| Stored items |
____________________

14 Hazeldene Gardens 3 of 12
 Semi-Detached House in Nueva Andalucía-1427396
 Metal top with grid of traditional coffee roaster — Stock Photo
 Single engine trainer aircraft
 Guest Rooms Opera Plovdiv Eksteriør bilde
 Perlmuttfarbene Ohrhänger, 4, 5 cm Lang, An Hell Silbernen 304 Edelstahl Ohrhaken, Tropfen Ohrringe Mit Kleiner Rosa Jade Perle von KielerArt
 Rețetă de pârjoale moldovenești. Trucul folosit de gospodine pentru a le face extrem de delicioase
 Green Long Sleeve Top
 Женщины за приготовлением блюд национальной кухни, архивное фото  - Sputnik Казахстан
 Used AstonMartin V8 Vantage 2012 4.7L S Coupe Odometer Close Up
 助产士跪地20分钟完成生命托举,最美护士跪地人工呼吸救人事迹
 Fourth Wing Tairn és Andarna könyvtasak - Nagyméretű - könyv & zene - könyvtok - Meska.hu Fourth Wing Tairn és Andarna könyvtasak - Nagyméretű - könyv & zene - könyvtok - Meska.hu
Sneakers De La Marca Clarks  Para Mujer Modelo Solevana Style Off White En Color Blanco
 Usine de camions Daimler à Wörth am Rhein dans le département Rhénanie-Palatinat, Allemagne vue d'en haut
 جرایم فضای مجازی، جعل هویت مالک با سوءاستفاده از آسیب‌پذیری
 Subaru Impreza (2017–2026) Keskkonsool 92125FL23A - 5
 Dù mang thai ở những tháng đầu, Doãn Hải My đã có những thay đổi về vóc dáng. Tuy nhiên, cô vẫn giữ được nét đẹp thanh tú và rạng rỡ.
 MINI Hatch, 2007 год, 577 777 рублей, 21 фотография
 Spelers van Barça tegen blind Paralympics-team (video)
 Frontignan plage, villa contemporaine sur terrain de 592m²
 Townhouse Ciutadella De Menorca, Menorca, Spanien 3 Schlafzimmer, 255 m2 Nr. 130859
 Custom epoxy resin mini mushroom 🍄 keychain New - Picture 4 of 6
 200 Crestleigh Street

____________________

Starting from the line that contains "Spelers van Barça", reproduce each line of the data exactly through the last one.

 Spelers van Barça tegen blind Paralympics-team (video)
 Frontignan plage, villa contemporaine sur terrain de 592m²
 Townhouse Ciutadella De Menorca, Menorca, Spanien 3 Schlafzimmer, 255 m2 Nr. 130859
 Custom epoxy resin mini mushroom 🍄 keychain New - Picture 4 of 6
 200 Crestleigh Street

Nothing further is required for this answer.